===== Material supplied

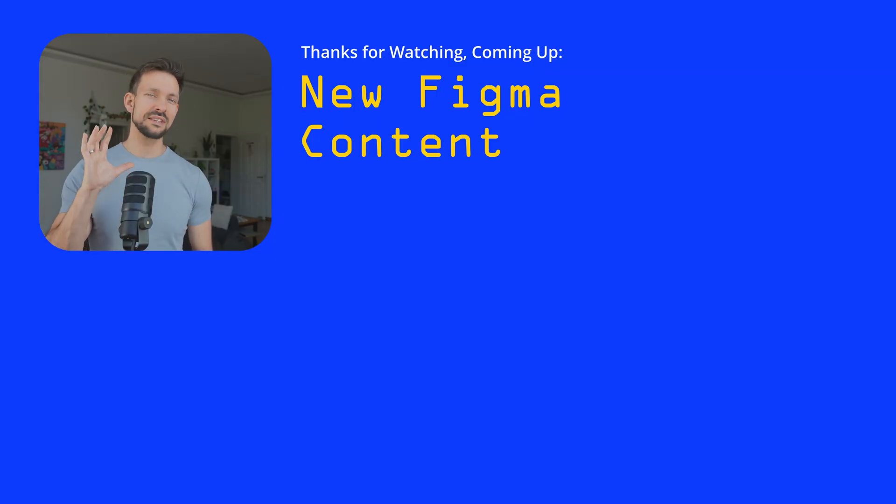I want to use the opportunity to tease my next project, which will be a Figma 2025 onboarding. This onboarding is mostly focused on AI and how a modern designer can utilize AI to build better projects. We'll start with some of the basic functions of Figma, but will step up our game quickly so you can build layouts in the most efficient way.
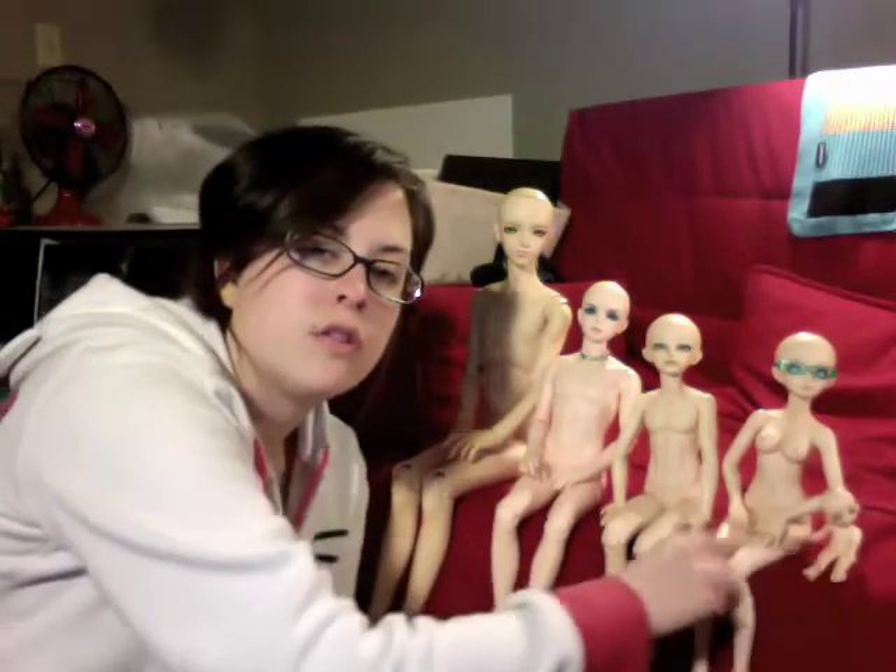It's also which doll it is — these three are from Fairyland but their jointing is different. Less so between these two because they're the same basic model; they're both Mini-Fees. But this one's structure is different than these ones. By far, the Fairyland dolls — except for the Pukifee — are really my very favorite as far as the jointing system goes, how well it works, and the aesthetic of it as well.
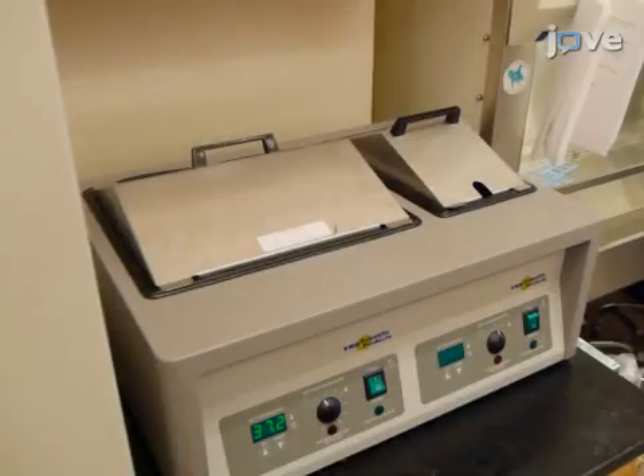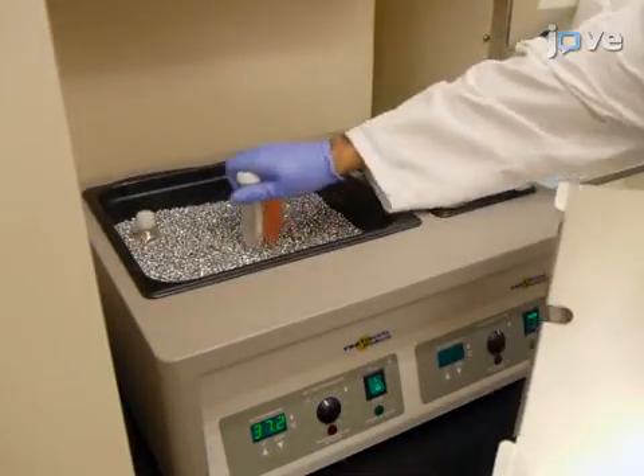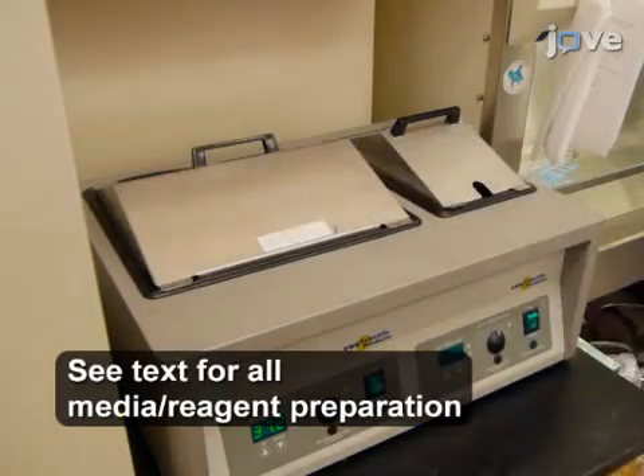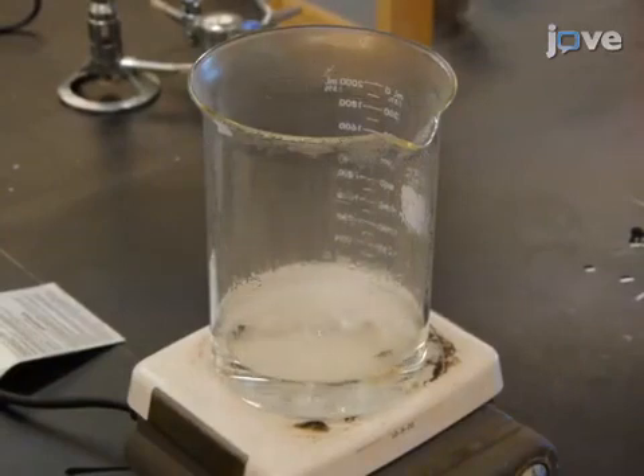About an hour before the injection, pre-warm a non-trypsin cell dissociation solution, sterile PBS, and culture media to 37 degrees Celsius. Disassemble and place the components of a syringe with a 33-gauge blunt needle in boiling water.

==========
===== Material supplied

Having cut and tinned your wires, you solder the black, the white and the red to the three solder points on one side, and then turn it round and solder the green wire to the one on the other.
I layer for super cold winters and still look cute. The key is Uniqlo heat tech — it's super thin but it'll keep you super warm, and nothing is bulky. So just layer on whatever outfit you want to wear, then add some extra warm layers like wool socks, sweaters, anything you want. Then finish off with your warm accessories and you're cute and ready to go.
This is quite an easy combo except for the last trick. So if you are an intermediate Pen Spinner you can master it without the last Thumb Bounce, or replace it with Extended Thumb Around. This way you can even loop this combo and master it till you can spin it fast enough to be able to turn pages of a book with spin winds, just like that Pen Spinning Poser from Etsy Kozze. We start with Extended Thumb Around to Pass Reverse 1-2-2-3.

==========

Assigned task:
Of the lines above, output exactly those from the line bearing "I layer for" through the line bearing "This is quite", inclusive.

Task response:
I layer for super cold winters and still look cute. The key is Uniqlo heat tech — it's super thin but it'll keep you super warm, and nothing is bulky. So just layer on whatever outfit you want to wear, then add some extra warm layers like wool socks, sweaters, anything you want. Then finish off with your warm accessories and you're cute and ready to go.
This is quite an easy combo except for the last trick. So if you are an intermediate Pen Spinner you can master it without the last Thumb Bounce, or replace it with Extended Thumb Around. This way you can even loop this combo and master it till you can spin it fast enough to be able to turn pages of a book with spin winds, just like that Pen Spinning Poser from Etsy Kozze. We start with Extended Thumb Around to Pass Reverse 1-2-2-3.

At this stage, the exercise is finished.